# [SOURCE RECORDS]
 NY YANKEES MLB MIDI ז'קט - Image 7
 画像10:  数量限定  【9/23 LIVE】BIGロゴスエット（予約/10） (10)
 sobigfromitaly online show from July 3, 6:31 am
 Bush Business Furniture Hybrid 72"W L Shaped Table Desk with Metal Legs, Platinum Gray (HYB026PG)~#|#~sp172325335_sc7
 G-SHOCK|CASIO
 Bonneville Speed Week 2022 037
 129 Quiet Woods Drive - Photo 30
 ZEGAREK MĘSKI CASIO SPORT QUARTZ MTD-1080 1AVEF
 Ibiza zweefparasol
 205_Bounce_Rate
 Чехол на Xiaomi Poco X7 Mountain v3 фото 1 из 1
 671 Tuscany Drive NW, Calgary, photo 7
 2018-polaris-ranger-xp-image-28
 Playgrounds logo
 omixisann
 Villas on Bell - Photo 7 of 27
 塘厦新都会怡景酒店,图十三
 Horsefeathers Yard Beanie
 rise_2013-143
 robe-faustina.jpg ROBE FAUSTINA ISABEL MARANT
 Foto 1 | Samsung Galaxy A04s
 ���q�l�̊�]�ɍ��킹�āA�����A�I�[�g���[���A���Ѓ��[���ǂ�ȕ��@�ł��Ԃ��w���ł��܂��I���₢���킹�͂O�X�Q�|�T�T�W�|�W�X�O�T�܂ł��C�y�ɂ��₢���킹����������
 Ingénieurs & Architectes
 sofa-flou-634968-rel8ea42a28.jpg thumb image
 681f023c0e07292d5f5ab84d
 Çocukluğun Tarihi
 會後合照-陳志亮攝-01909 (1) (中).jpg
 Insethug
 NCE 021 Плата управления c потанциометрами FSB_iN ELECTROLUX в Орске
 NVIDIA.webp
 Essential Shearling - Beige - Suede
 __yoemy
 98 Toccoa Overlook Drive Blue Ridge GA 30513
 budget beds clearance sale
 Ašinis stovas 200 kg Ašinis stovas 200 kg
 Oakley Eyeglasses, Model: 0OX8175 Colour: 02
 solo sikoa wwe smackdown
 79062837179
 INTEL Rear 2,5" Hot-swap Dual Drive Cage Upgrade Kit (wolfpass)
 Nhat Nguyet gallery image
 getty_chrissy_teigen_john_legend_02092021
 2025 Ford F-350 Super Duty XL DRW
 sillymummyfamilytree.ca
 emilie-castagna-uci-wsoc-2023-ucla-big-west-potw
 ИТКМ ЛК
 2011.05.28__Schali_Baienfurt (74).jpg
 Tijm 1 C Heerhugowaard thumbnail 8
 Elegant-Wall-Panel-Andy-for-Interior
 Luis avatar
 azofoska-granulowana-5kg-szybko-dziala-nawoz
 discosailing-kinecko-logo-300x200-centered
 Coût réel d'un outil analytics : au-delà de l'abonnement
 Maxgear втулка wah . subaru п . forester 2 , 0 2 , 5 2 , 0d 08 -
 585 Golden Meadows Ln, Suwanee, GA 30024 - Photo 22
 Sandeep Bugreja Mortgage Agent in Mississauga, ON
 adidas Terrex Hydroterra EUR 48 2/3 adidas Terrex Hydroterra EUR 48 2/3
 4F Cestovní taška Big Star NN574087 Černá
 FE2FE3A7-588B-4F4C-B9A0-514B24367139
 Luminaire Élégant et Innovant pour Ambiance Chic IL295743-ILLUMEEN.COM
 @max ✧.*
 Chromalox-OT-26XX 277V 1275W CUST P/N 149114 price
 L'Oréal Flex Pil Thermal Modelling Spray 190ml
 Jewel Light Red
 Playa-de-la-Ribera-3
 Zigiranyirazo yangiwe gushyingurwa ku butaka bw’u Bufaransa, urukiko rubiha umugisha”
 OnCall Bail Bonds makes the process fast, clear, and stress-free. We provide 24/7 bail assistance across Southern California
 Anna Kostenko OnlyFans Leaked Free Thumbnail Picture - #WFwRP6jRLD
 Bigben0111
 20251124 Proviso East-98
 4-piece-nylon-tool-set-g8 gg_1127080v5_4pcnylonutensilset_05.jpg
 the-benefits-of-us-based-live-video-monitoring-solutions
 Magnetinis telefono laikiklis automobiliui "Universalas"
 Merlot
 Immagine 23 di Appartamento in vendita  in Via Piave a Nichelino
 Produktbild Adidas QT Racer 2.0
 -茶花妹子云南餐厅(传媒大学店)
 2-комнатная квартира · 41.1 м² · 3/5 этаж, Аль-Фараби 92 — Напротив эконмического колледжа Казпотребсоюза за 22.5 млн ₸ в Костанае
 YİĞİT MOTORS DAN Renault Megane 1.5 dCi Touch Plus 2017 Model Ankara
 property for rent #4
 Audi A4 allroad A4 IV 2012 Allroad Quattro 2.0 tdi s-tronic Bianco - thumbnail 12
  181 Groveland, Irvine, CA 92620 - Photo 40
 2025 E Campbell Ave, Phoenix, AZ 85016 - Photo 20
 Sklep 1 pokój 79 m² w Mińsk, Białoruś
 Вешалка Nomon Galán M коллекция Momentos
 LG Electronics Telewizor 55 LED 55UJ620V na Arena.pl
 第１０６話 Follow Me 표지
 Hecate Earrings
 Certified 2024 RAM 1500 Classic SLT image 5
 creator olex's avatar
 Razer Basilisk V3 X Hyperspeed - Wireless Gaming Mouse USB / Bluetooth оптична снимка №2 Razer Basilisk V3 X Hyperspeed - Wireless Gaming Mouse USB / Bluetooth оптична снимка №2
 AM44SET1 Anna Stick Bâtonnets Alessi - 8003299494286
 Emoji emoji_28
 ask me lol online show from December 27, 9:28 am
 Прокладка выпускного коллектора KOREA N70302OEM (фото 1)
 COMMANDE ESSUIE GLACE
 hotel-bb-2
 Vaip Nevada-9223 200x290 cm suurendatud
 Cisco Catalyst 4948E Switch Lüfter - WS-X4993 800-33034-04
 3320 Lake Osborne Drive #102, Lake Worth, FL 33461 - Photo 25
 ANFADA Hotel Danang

# [WORK ITEM]
In the entries above, find lines with "logo" and copy each.

# [FINISHED EXERCISE]
 Playgrounds logo
 discosailing-kinecko-logo-300x200-centered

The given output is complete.